- **GIVEN RECORDS**:
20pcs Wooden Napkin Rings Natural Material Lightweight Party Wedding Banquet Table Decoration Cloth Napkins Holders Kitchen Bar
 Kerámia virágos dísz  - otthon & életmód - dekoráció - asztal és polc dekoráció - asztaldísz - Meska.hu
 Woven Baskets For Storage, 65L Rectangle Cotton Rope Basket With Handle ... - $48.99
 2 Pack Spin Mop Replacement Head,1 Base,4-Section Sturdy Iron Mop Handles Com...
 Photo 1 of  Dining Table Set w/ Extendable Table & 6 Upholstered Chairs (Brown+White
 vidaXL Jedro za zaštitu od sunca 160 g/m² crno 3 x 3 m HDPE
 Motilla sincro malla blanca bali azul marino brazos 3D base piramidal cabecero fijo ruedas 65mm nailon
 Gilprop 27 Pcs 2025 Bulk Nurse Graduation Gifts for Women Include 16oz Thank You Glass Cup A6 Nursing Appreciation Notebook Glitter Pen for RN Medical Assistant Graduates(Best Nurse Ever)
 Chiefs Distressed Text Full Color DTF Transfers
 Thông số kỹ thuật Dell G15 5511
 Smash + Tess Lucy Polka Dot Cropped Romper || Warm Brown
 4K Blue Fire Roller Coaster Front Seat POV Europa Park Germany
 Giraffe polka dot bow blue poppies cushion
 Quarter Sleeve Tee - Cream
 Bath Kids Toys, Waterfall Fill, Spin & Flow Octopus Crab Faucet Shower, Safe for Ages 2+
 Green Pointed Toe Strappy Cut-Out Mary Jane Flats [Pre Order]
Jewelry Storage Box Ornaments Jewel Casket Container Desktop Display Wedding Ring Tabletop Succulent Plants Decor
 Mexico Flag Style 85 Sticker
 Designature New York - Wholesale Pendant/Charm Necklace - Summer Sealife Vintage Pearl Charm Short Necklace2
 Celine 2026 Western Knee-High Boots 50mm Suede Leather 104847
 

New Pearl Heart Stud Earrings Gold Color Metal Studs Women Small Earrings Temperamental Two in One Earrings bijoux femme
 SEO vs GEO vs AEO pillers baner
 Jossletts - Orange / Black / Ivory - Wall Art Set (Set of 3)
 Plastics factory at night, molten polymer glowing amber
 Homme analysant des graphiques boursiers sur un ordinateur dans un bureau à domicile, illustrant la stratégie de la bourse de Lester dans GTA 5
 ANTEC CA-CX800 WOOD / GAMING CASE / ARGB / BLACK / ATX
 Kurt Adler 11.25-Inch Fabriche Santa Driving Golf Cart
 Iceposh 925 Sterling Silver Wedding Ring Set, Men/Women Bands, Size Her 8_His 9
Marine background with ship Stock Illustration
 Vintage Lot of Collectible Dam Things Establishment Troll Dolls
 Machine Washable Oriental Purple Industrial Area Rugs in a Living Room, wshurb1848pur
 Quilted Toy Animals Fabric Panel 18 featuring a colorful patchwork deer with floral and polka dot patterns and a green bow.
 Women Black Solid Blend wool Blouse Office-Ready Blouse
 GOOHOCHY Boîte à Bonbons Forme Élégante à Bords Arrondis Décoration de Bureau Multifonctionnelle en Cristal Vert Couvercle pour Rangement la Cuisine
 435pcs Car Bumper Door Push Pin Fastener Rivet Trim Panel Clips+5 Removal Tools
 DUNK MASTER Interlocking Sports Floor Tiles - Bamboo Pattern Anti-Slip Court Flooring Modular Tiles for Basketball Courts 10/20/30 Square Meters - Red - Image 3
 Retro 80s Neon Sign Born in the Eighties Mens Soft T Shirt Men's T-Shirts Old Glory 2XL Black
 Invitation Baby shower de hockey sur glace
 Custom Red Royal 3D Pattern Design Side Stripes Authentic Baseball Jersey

- **WHAT TO DO**:
Nothing but the lines from the one containing "ANTEC CA-CX800 WOOD" to the last line of the listing above belongs in the answer; restate each word for word.

- **ANSWER SECTION**:
 ANTEC CA-CX800 WOOD / GAMING CASE / ARGB / BLACK / ATX
 Kurt Adler 11.25-Inch Fabriche Santa Driving Golf Cart
 Iceposh 925 Sterling Silver Wedding Ring Set, Men/Women Bands, Size Her 8_His 9
Marine background with ship Stock Illustration
 Vintage Lot of Collectible Dam Things Establishment Troll Dolls
 Machine Washable Oriental Purple Industrial Area Rugs in a Living Room, wshurb1848pur
 Quilted Toy Animals Fabric Panel 18 featuring a colorful patchwork deer with floral and polka dot patterns and a green bow.
 Women Black Solid Blend wool Blouse Office-Ready Blouse
 GOOHOCHY Boîte à Bonbons Forme Élégante à Bords Arrondis Décoration de Bureau Multifonctionnelle en Cristal Vert Couvercle pour Rangement la Cuisine
 435pcs Car Bumper Door Push Pin Fastener Rivet Trim Panel Clips+5 Removal Tools
 DUNK MASTER Interlocking Sports Floor Tiles - Bamboo Pattern Anti-Slip Court Flooring Modular Tiles for Basketball Courts 10/20/30 Square Meters - Red - Image 3
 Retro 80s Neon Sign Born in the Eighties Mens Soft T Shirt Men's T-Shirts Old Glory 2XL Black
 Invitation Baby shower de hockey sur glace
 Custom Red Royal 3D Pattern Design Side Stripes Authentic Baseball Jersey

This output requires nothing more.